Une donation comme celle de Georges Baguet représente une source iconographique particulièrement intéressante sur des grands événements qui ont marqué l’histoire du siècle passé ─ lutte pour l’égalité des Noirs aux Etats-Unis, révolution islamique en Iran, guerre fratricide en Irlande-, autant de photographies qui situent notre auteur comme témoin privilégié des évolutions ou révolutions fondamentales de nos sociétés. C’est donc avec un grand intérêt que la Bibliothèque municipale de Lyon, qui conserve déjà de nombreuses collections photographiques, vient d’accueillir ce témoignage historique et social de la seconde moitié du XXe siècle.

Ce fonds est constitué de négatifs, diapositives, tirages sur papier, et il retrace, en grande partie, les problèmes des minorités, notamment au Proche-Orient, en Amérique du Nord, en Irlande, mais aussi en Afrique du Nord, en Egypte, en Inde, en Irak, en Iran... L’Europe n’est pas absente, ni Paris et ses quartiers populaires. Ainsi, Georges Baguet a-t-il centré son travail photographique sur ce que nous appelons les Tiers-mondes. Il a travaillé en journaliste free-lance. L’homme est surtout généreux. Plus que l’événement lui-même ─ guerre, révolution ─ ce sont les gens, les populations qu’il souhaite connaître, dont il cherche à se rapprocher, que ce soit par l’écriture ou par la photographie.

Détroit, Michigan, Etats-Unis, 1980 Georges Baguet (BM Lyon, Fonds Georges Baguet, P0681 08986) Favoriser la prise de conscience, témoigner des problèmes auxquels sont confrontés certains peuples, voilà les maîtres mots de sa démarche. Il utilise la photographie pour donner à voir de manière plus efficace, ce dont il est le témoin. Epris de liberté, Georges Baguet est un auteur « concerné », il n’est pas indifférent au monde qui l’entoure et ses photographies en témoignent. Il se tient auprès des malmenés, des laissés-pour-compte ; il les côtoie aussi tout près de chez lui, dans les banlieues désaffectées. Ses photographies sur les ghettos en France sont autant de témoignages vivants sur la pauvreté dans les pays industrialisés. Comme il aime à le dire, il repousse volontairement les frontières, allant voir de l’autre côté, afin de montrer comment vivent les hommes. En journaliste courageux, il nous offre des écrits et des photographies sans concession.

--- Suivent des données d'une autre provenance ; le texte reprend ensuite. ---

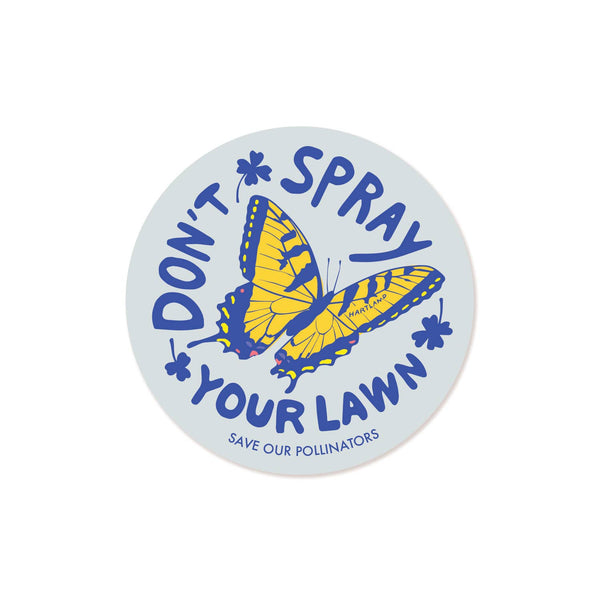 Hartland Cards - Sticker / Don't Spray your Lawn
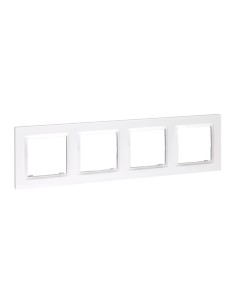 Marco 4 elementos blanco serie 10. 2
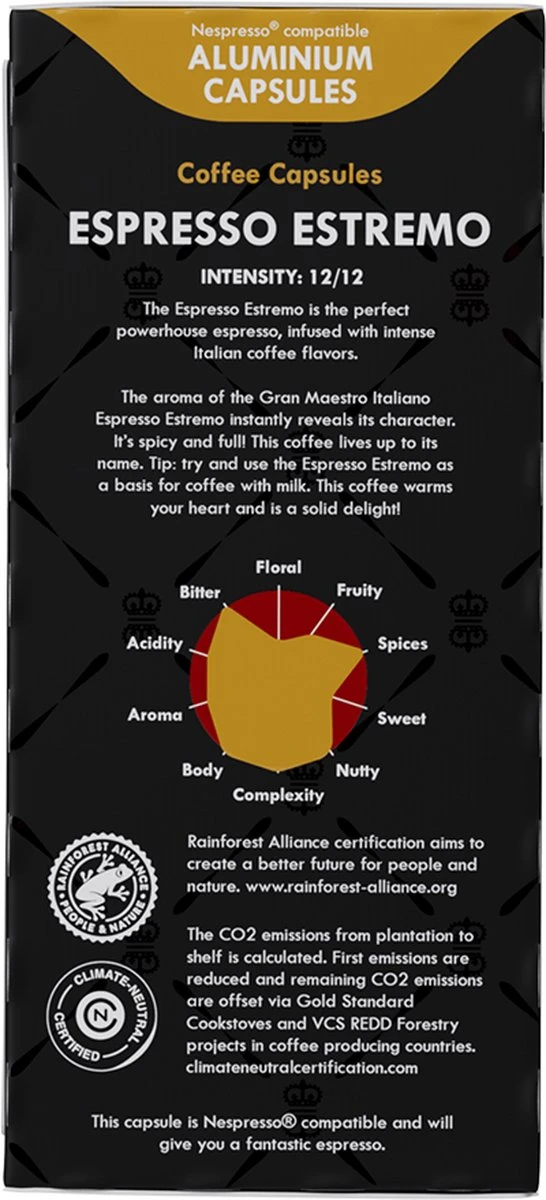 Gran Maestro Italiano - Koffiecups - Nespresso Compatibel Proefpakket - Espresso, Lungo En Meer - 10 X 20 Cups - Afbeelding 2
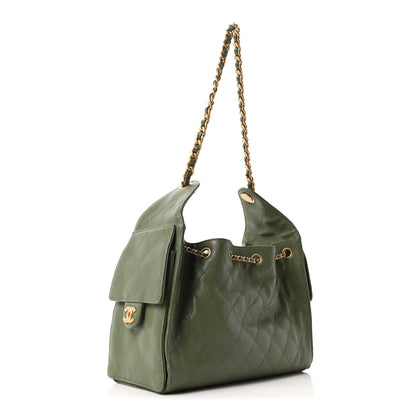Chanel Caviar Quilted Small Chanel 25 Handbag Khaki 3 of 10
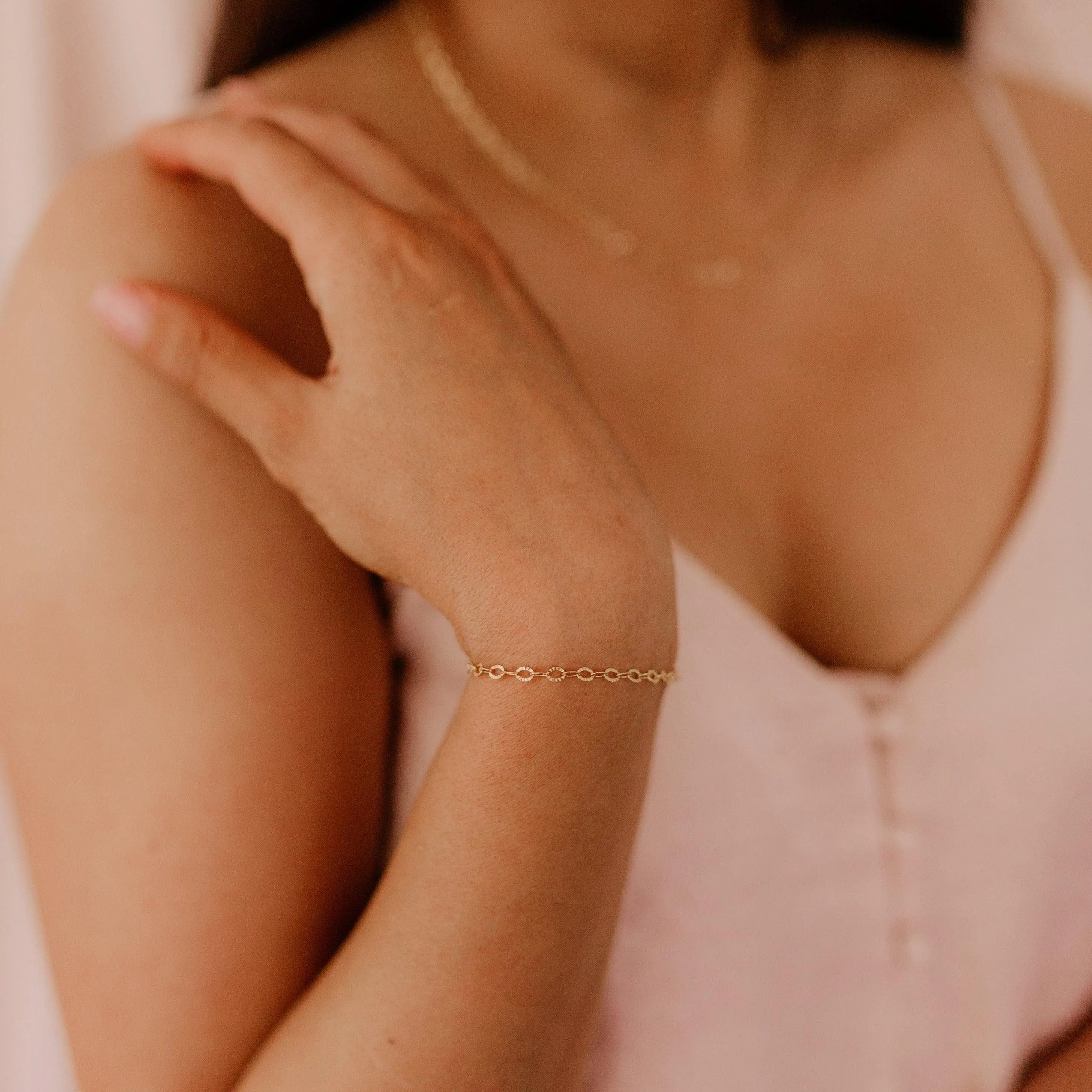 Sunburst Chain Bracelet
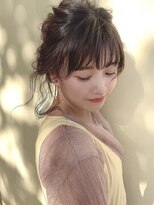 アクシス 栄店(`AXIS) AXIS立道 おくれ毛　ヘアセット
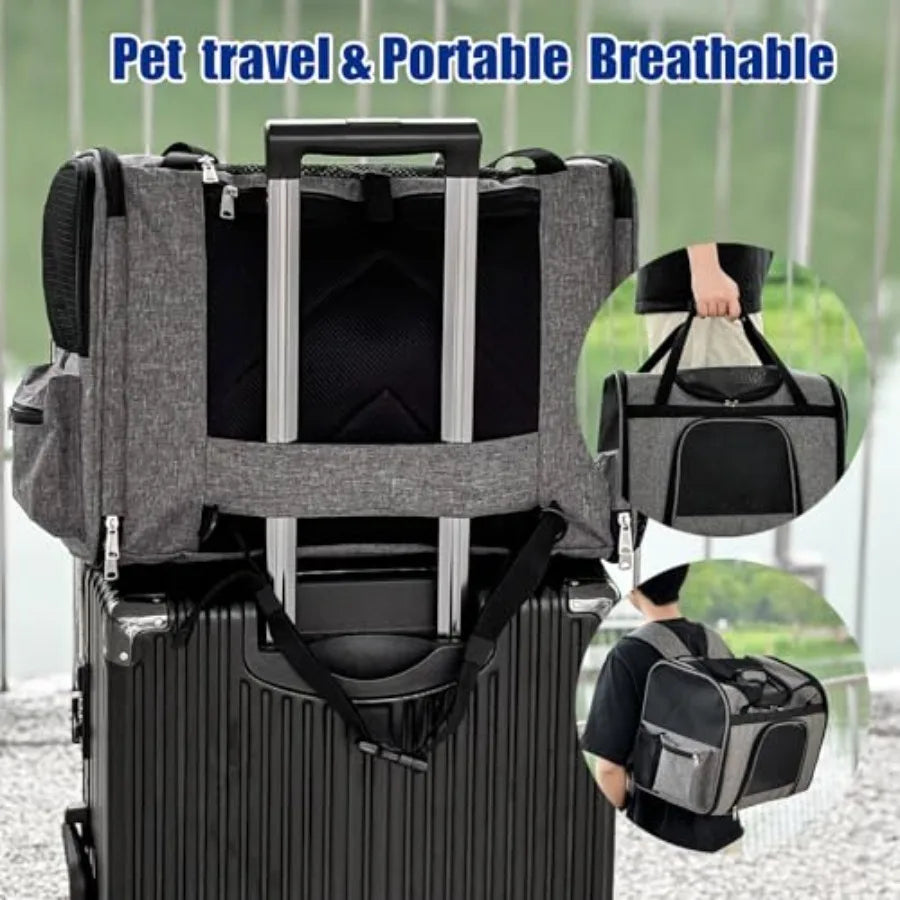Collapsible Multi-Purpose Pet Travel Bag | Carrier, Backpack & Adventure Bag for Dogs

De Khomeiny à Angela Davis

Dans les années 1970, le photographe voyage beaucoup : ses employeurs lui demandent d’être présent là où l’actualité bouscule le monde. En 1979, en Iran, et il assiste à la révolution religieuse. Il photographie, tel un documentariste, témoin de la force de l’islam dans le nouveau visage politique de ce pays. Il connaîtra l’Irak prospère de Saddam Hussein, puis le pays défait après la première guerre du Golfe. Il réalise alors combien la photographie, qu’il utilisait au départ en complément de l’écriture, s’impose en tant qu’outil indispensable. Ses reportages montrent combien le monde est en proie à l’instabilité, une population accoutumée au silence, lance des cris de protestation, clame ses difficultés. Georges Baguet saisit avec intelligence les regards, les gestes, le sens profond des faits historiques, notamment au Liban où s’affrontent chrétiens et musulmans, ainsi qu’en Irlande du Nord où catholiques irlandais et protestants britanniques se font la guerre.

Aux États-Unis, il veut connaître et comprendre la minorité noire, rencontre Angela Davis dans sa prison, se lie avec l’écrivain James Baldwin, connaît les Black Panthers. En observateur lucide, son travail atteste des conditions de vie des gens ainsi que de leur volonté de combattre l’injustice. Malgré ce climat tendu, une confiance s’étblit entre l’auteur et les populations locales, il est des leurs, cela se voit, les enfants lui sourient, les adultes le respectent. Il retournera plusieurs fois aux Etats-Unis et reverra ceux qui sont devenus ses amis. Georges Baguet est un pacifiste, réaliste et objectif. Son indéniable éthique, son enthousiasme tentent de réconcilier les hommes entre eux, il nous invite à une prise de conscience altruiste, à une autre relation au monde. On approche de l’anthropologie. Ses photographies instaurent un dialogue, loin des clichés et du voyeurisme. Elles nous offrent, à l’encontre du sensationnel, une proximité avec une humanité en déroute, pauvre, dépossédée, souffrante mais non sans beauté.

Elles savent magnifiquement saisir les diversités sociales et culturelles, restituer l’homme dans sa dignité essentielle. La donation de Georges Baguet nous offre d’authentiques rencontres d’un monde en devenir.